Discussion Intel current and future Lakes & Rapids thread

Dayman1225 · Sep 28, 2017

https://www.techpowerup.com/237404/intel-sapphire-rapids-micro-architecture-succeeds-tiger-lake

https://www.intel.com/content/www/u...sets/platform-codenames.html#search-0=tinsley

Sapphire rapids server platform is named Tinsley

Successor to Tiger lake
Big arch change
Supposedly 7nm (I'm weary of this one)

dangerman1337 · Sep 28, 2017

Is Sapphire Rapids is mostly the Process of the Process> Architecture>Optimization? Intel post-Tiger Lake seems confusing.

CatMerc · Sep 28, 2017

Sapphire Rapid is supposedly the first major architectural rework (Zen or Pentium M style) since Core was introduced.

IntelUser2000 · Sep 28, 2017

CatMerc said:
Sapphire Rapid is supposedly the first major architectural rework (Zen or Pentium M style) since Core was introduced.

We'll see what performance it brings.

"Revolution" isn't always a good thing. It's only when you can bring about a good change. Oftentimes revolutions and revolutionary things are only done for the sake of being revolutionary. Pentium 4 was revolutionary. Bulldozer architecture was revolutionary.

Also physical limits prohibit revolutionary increases in performance from going on indefinitely. Going from one revolution to another means that much more work. Eventually nature says: STOP!

If you see successful architectures, they are often a very well thought out implementation of ideas already known for years.

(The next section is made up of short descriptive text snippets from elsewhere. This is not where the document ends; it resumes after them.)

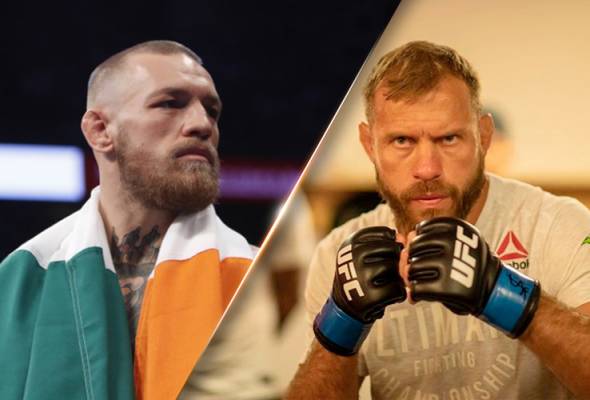 Sah! McGregor kembali beraksi Jan tahun depan menentang 'Cowboy' Cerrone Sah! McGregor kembali beraksi Jan tahun depan menentang 'Cowboy' Cerrone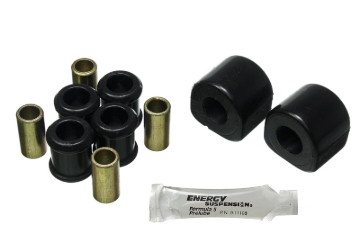 Picture of Energy Suspension ES Sway Bar Bushings-Black Rear Bushing Kits - 5.5185G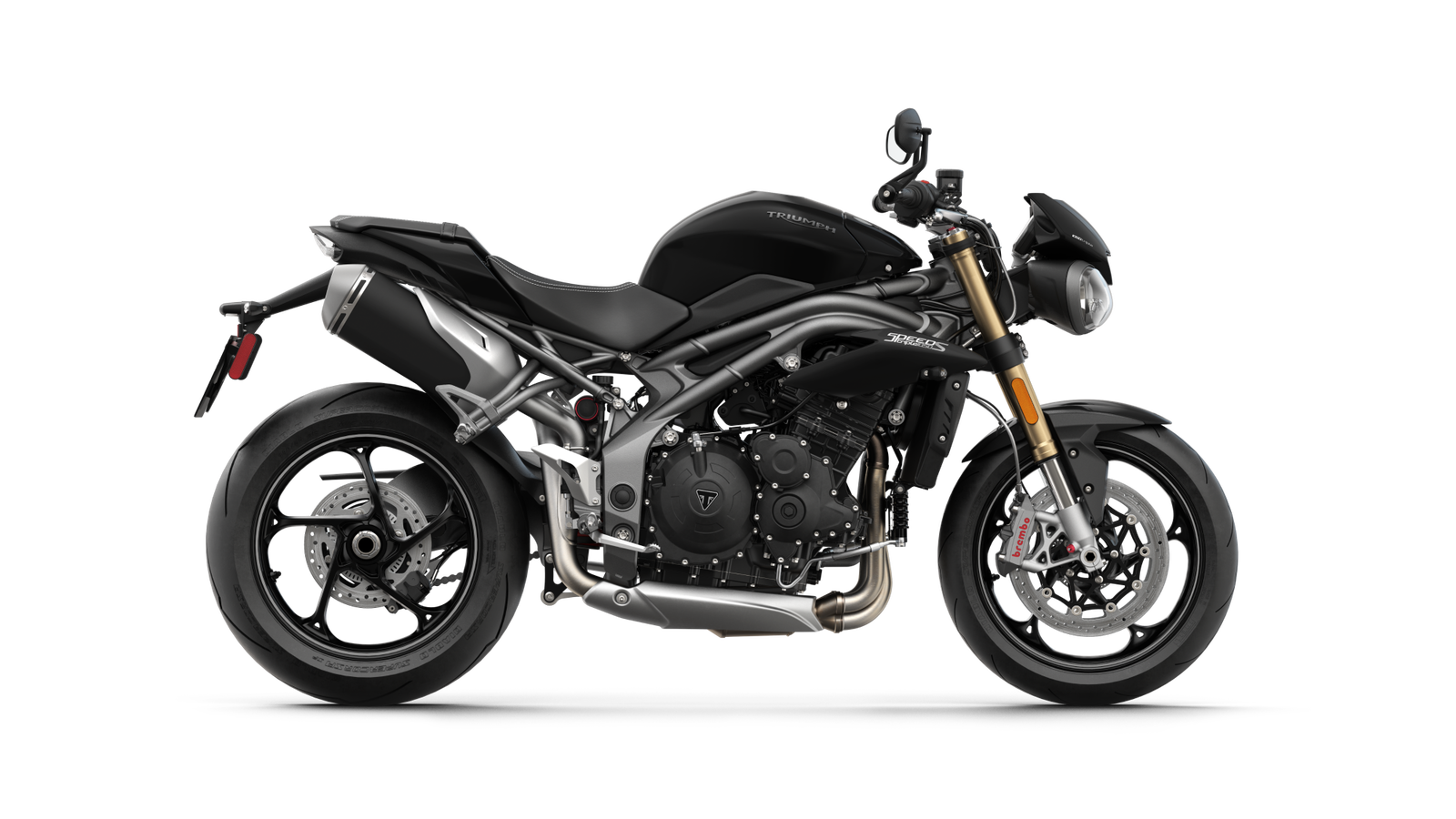Triumph Speed Triple mega gallery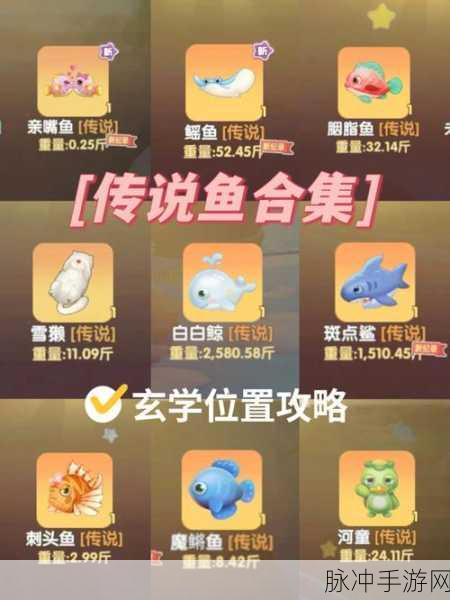 摩尔庄园手游深度攻略，揭秘魔鳉鱼的神秘位置与垂钓技巧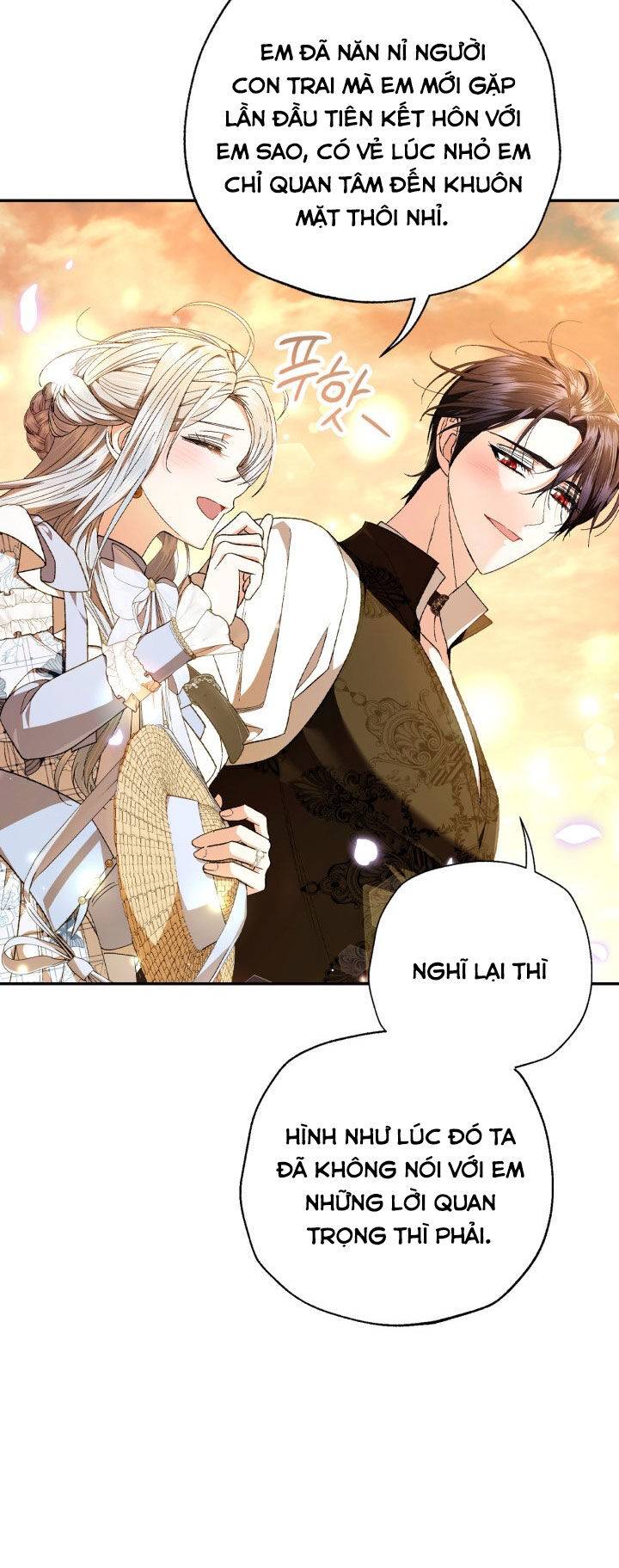 cha, con không muốn kết hôn đâu chapter 124 68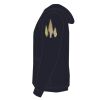 JB's  CONTRAST FLEECY HOODIE Thumbnail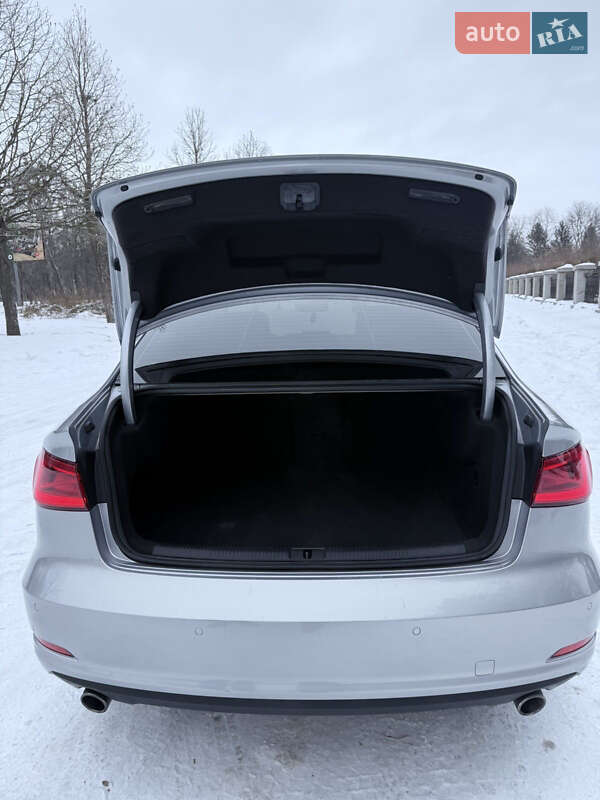 Седан Audi A3 2015 в Умани фото 12 Седан Audi A3 2015 в Умани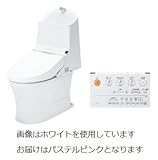 TOTO ウォシュレット一体形便器 GGタイプ　GG1-800　リモデル　壁排水芯148/155mm　タンク式　パステルピンク　CES9313PXL#SR2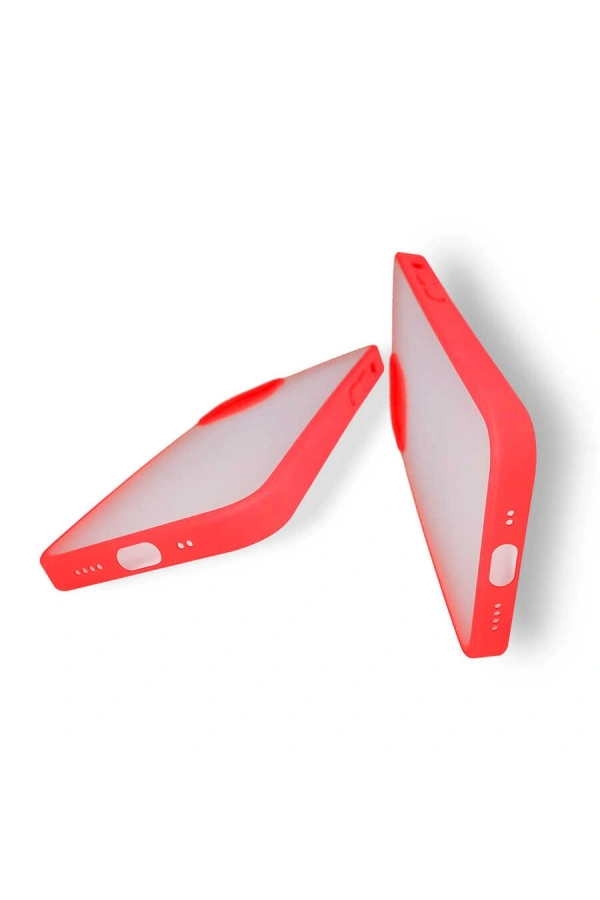 Apple iPhone 12 Pro Kılıf Zore Mess Kapak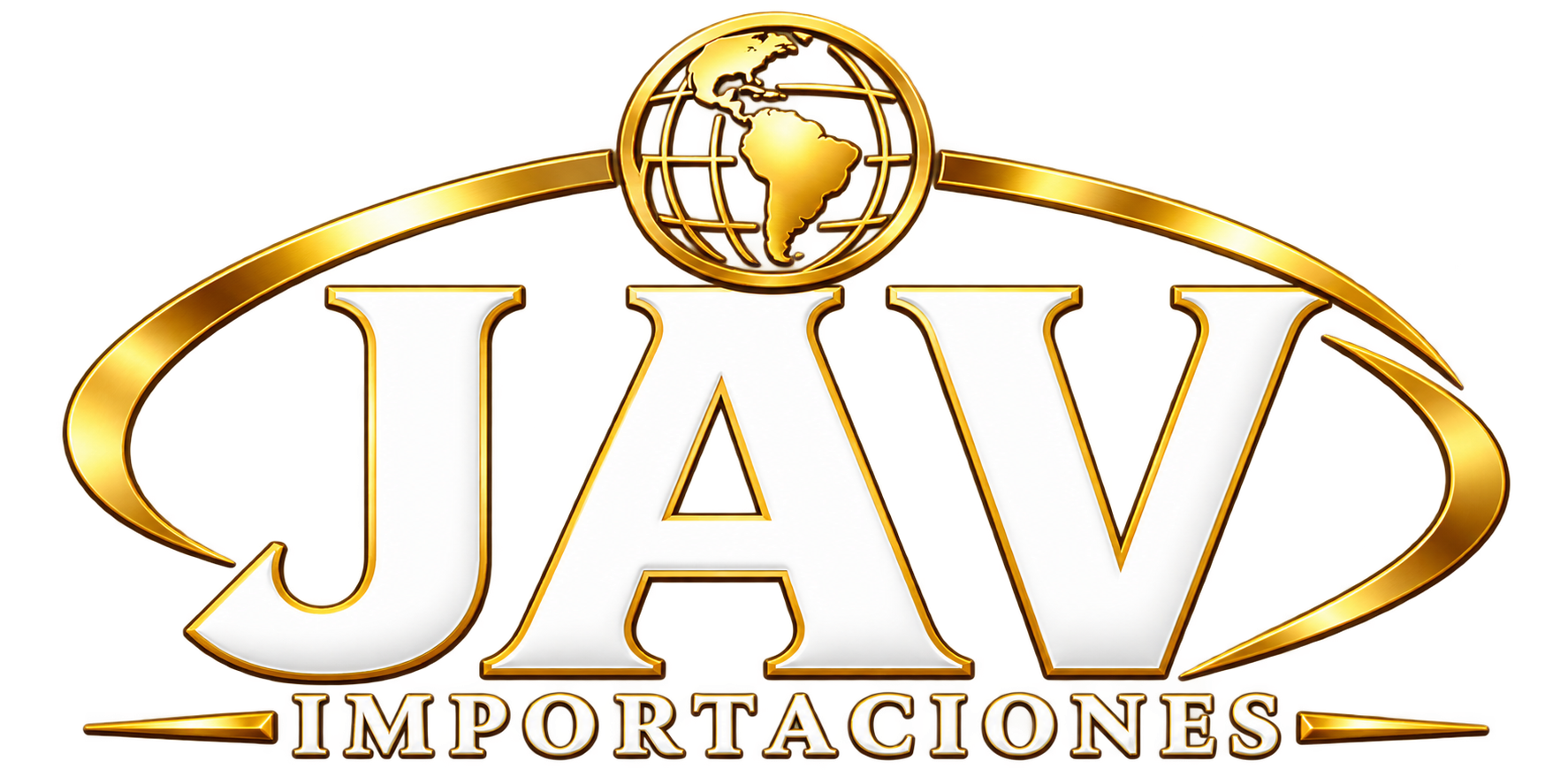 JAV Importaciones — logotipo oficial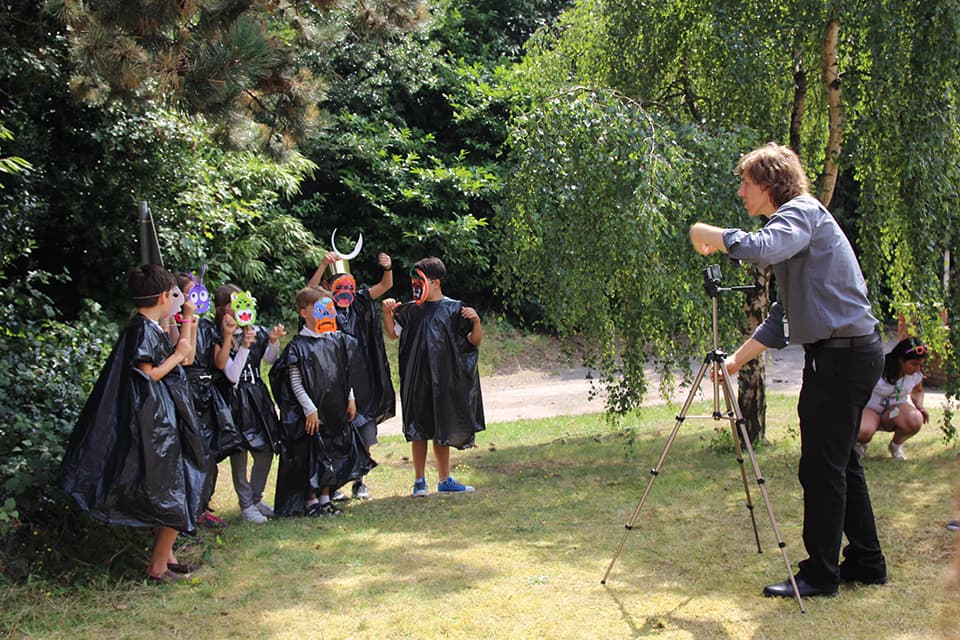 ilm Making - Workshop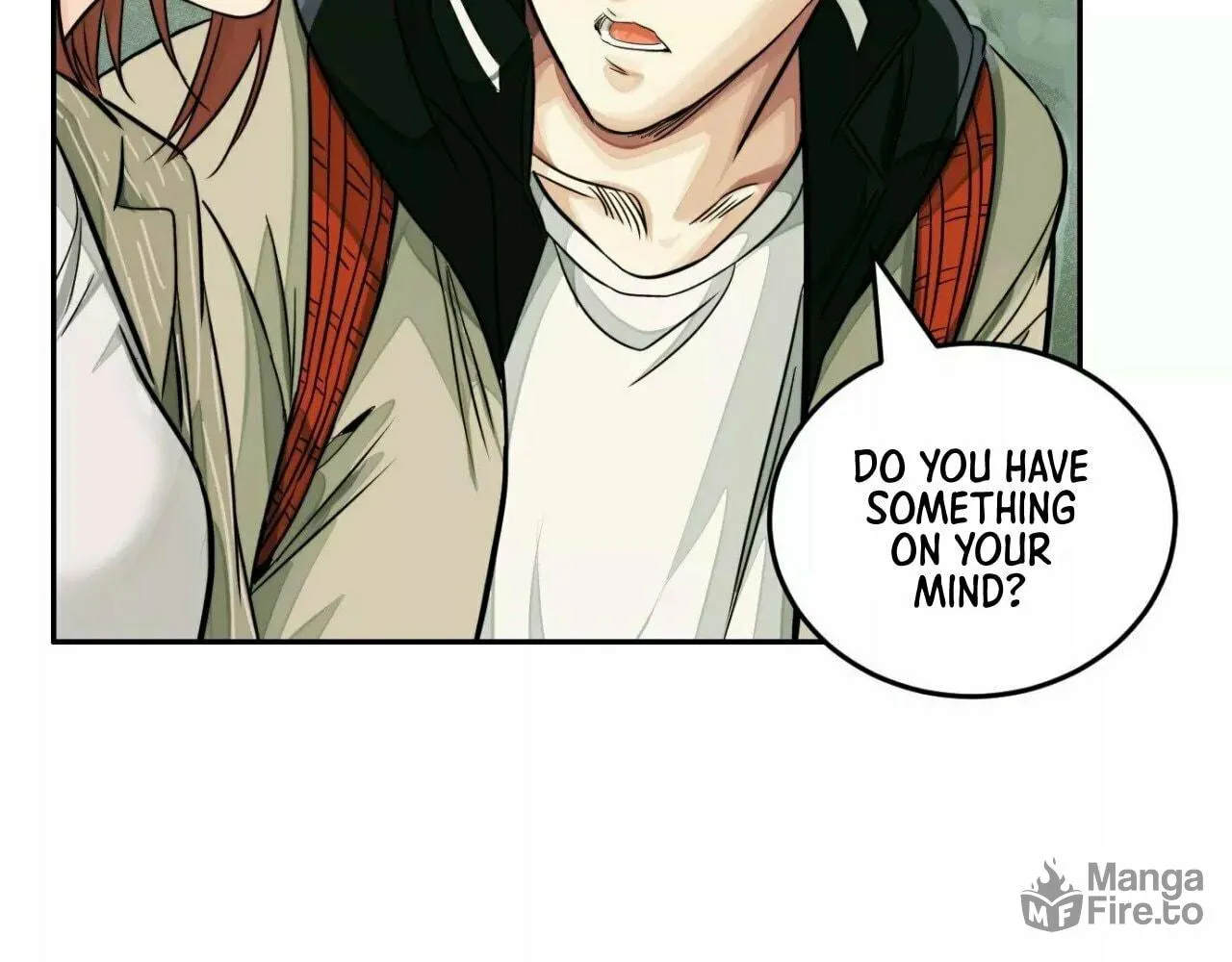 The Creatures that We Are Chapter 18 page 57 -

Arachnotronic · Sep 28, 2017

CatMerc said:
Sapphire Rapid is supposedly the first major architectural rework (Zen or Pentium M style) since Core was introduced.

There is such a big "TOCK" in the works, but it's not clear when the product intercept point is for the core. Sapphire Rapids could be a good time for it.

raghu78 · Sep 28, 2017

Dayman1225 said:
https://www.techpowerup.com/237404/intel-sapphire-rapids-micro-architecture-succeeds-tiger-lake

https://www.intel.com/content/www/u...sets/platform-codenames.html#search-0=tinsley

Sapphire rapids server platform is named Tinsley

Successor to Tiger lake
Big arch change
Supposedly 7nm (I'm weary of this one)

I think we will see Sapphire Rapid in 2021 on 7nm or 10+++ depending on how Intel executes 7nm development . imo we might see a launch cadence something like this
Cannonlake - 2018 Icelake - 2019 Tigerlake - 2020 Sapphire Rapids - 2021

crashtech · Sep 28, 2017

It seems that splitting the uarch into two is overdue, one for max efficiency, and one for max performance. They've done a fairly good job of making Core a "Swiss Army Knife," but I'm not sure of the value of trying to have it all with basically one core design anymore.

Arachnotronic · Sep 28, 2017

crashtech said:
It seems that splitting the uarch into two is overdue, one for max efficiency, and one for max performance. They've done a fairly good job of making Core a "Swiss Army Knife," but I'm not sure of the value of trying to have it all with basically one core design anymore.

It's not even about efficiency vs performance, it's about performance/efficiency for each type of workload.

The trade offs required in a core designed to be used along side 27+ copies of itself for data center/HPC workloads are very different from the ones that you'll want to make for an ultra-fast, highly efficient client core.

That's one of the reasons Kaby Lake-Y, for example, gets slapped around by an A11 Bionic in terms of efficiency; A11 Bionic CPU cores are designed to run typical client workloads faster, while something like the Kaby Lake core is designed for a very wide range of power envelopes, types of software (e.g. code that benefits from wide vectors as well as code that doesn't), and so on.

This strategy has been leading to sub-optimal designs all around for a while now, and with the ARMy doing custom ARM cores tailored specifically for server/data center while using the standard Cortex A-series cores for mobile workloads, a significant vulnerability on Intel's part exists.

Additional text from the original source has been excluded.